Find the line below with "Плечевые накладки нетканный" and the line with "Míchel, duarnte el". Output exactly those lines and everything between them, leaving out the pictures.

● Extracted entries

---

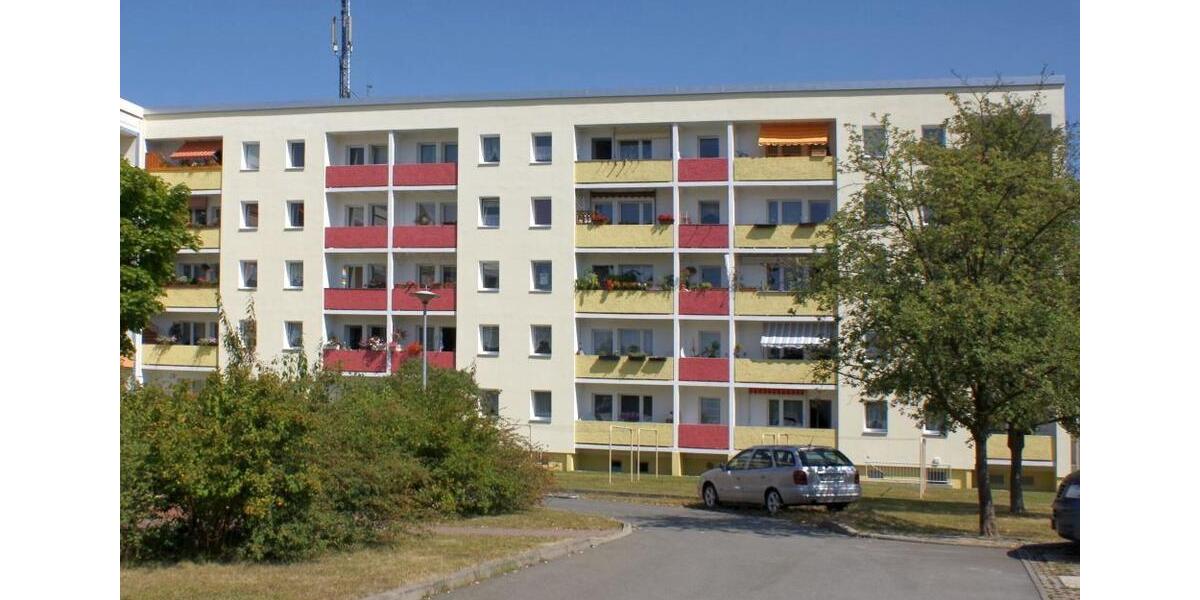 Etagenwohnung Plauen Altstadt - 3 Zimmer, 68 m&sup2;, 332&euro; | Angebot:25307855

---

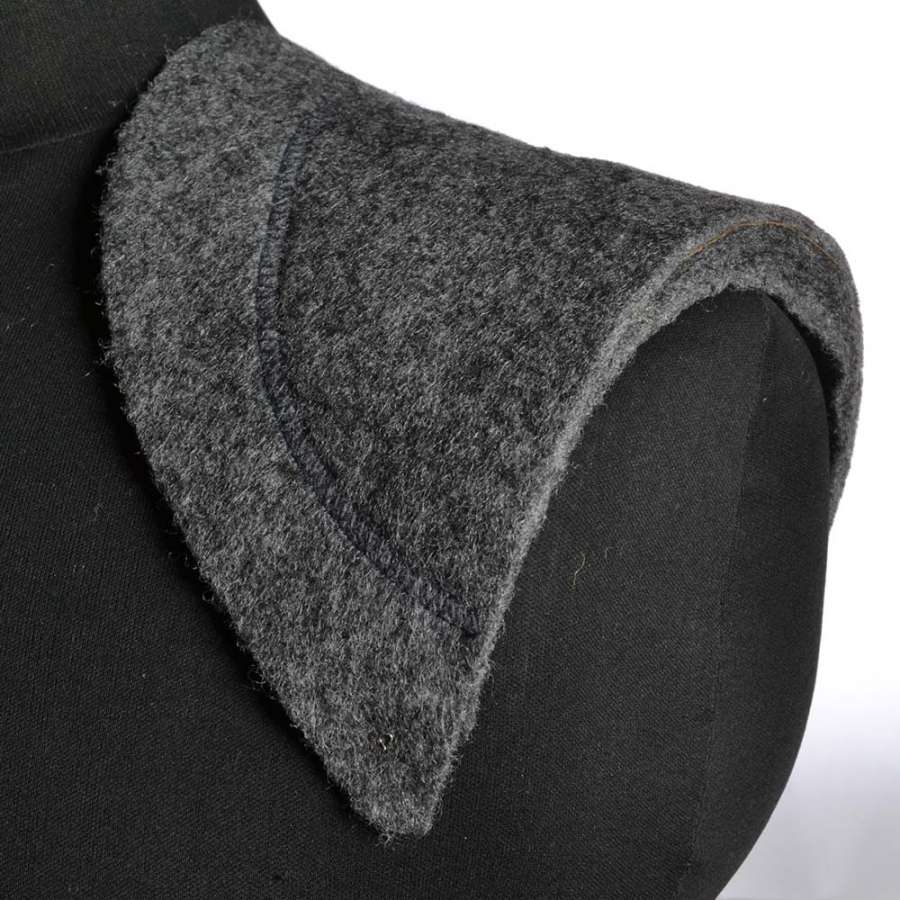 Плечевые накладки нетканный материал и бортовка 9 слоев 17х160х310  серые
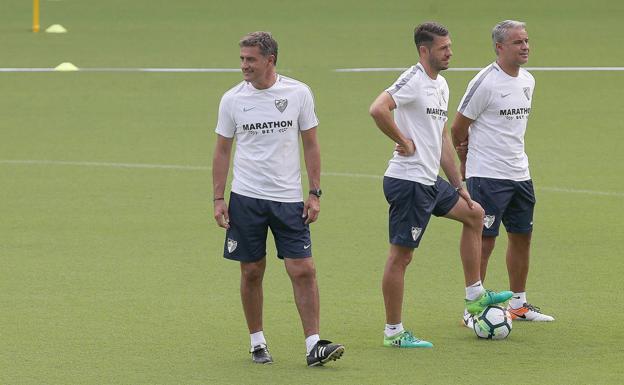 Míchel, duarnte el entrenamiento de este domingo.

---

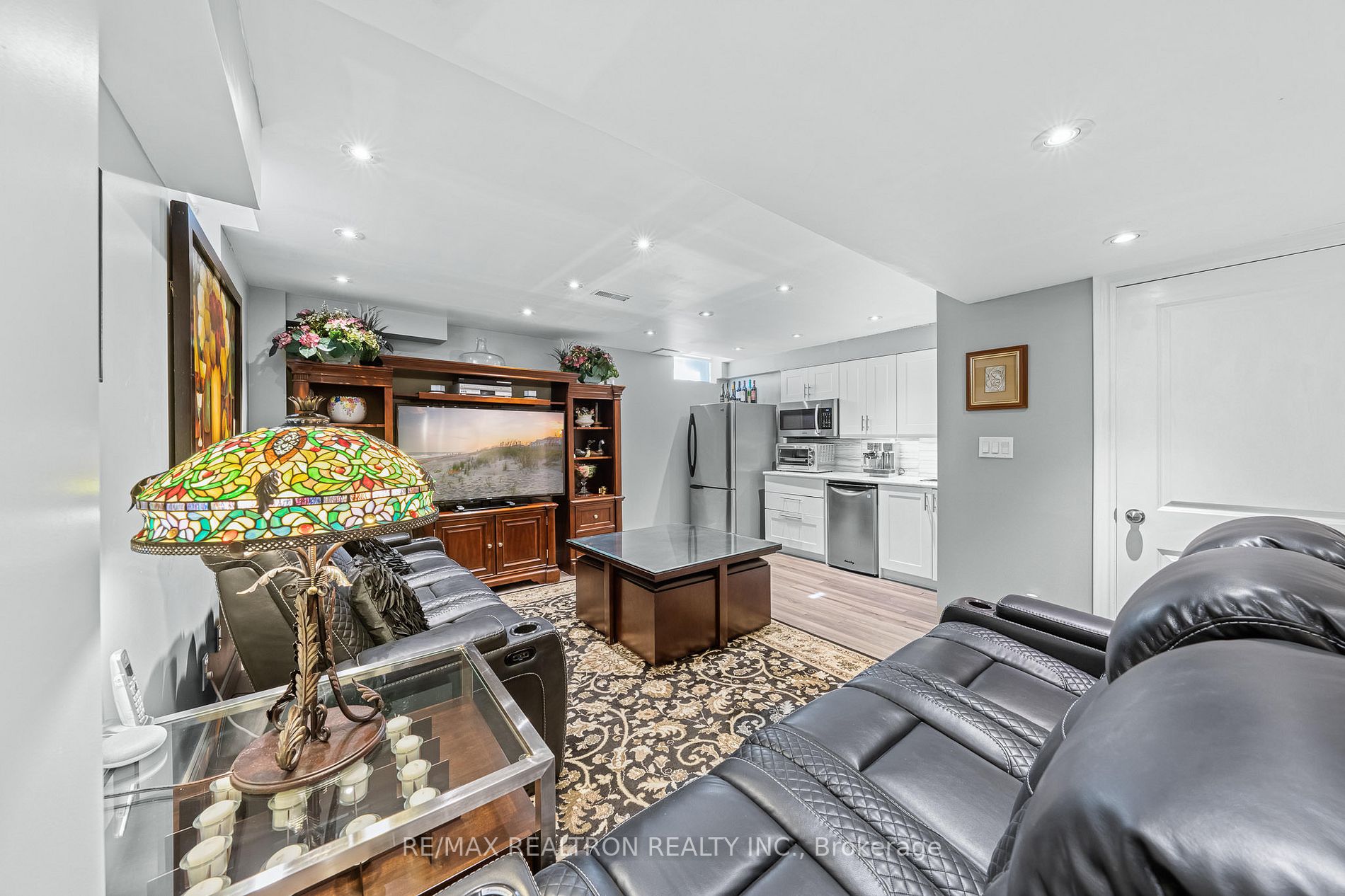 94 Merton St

---

● Response box
 Плечевые накладки нетканный материал и бортовка 9 слоев 17х160х310  серые
 Míchel, duarnte el entrenamiento de este domingo.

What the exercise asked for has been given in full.